Uma descoberta inesperada
Navegando pela internet, encontrei uma imagem com uma palavra escondida. Curioso, cliquei e fui parar em uma promoção de viagem para a Copa do Mundo da África do Sul. Era algo improvável: um concurso que sorteava ingressos e passagens. Sem grandes expectativas, me inscrevi. Para minha surpresa, fui um dos selecionados.
A viagem que tudo mudou
Desembarcar na África do Sul foi como entrar em outro mundo. A atmosfera vibrante, as cores, as pessoas de todas as partes do globo. Cada jogo era uma celebração da diversidade. Lá, vivi momentos que jamais esquecerei: desde o som das vuvuzelas até a emoção de ver a seleção brasileira em campo. Mas o maior impacto foi interno.
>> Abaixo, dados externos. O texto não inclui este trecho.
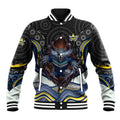 North Queensland Cowboys Baseball Jacket The Scream of Lightning Eyes - Indigenous Dot Ripping Effect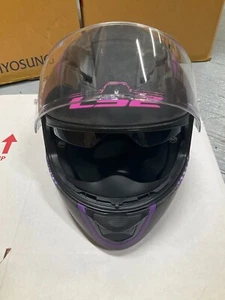 LS2 Helmets Lux Stream EVO Full Face Motorcycle Helmet, Matte Black/Pink SMALL - Picture 1 of 7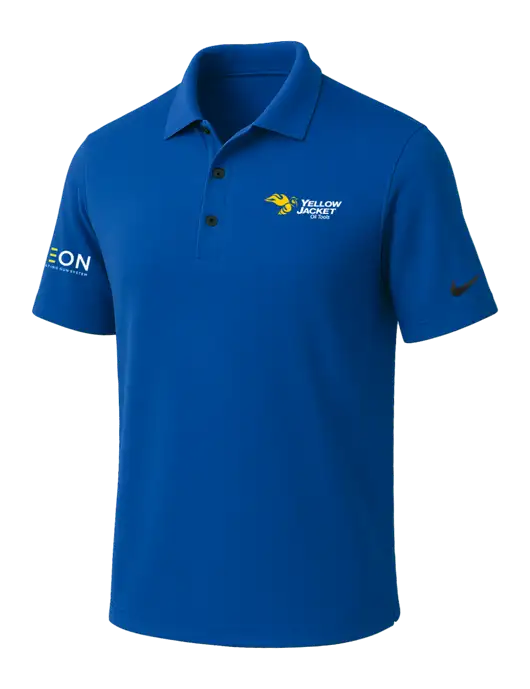 NIKE Dark Royal Dri-Fit Micro Pique Polo w/Yellow Jacket Logo, Neon Logo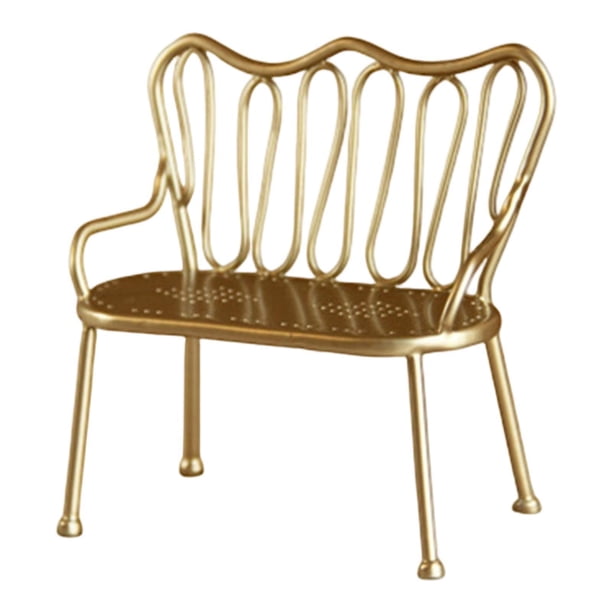 Silla doble miniatura, silla doble, juguete DIY, modelo, regalo, paisaje, foto práctica Oro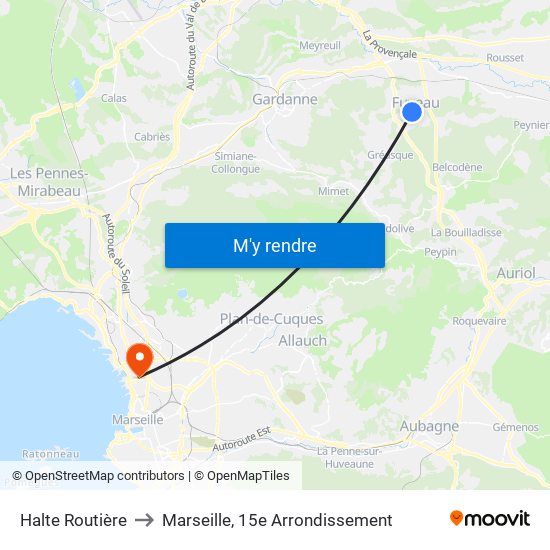 Halte Routière to Marseille, 15e Arrondissement map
Percebi que minha verdadeira paixão era contar histórias, não apenas ensiná-las.
Do quadro-negro ao teclado
De volta ao Brasil, tomei uma decisão ousada: larguei a sala de aula e mergulhei no jornalismo. Comecei como estagiário, depois repórter, até chegar a editor de Esportes. Hoje, lidero a cobertura esportiva do GLOBO, um dos maiores jornais do país. A Copa de 2010 não me deu apenas lembranças; deu-me um novo propósito.
Lições de uma jornada improvável
Minha história é um lembrete de que as oportunidades podem surgir dos lugares mais inesperados. Aquela pesquisa aleatória no Google, a palavra escondida na imagem, a inscrição sem esperança — tudo conspirou para que eu encontrasse meu caminho. A Copa do Mundo me ensinou que, às vezes, é preciso arriscar para descobrir quem realmente somos.
Hoje, ao cobrir mais um Mundial, olho para trás com gratidão. Cada partida, cada entrevista, cada texto é uma extensão daquele momento na África do Sul. O futebol continua sendo o pano de fundo, mas a verdadeira história é sobre transformação. E se há algo que aprendi é que nunca é tarde para recomeçar.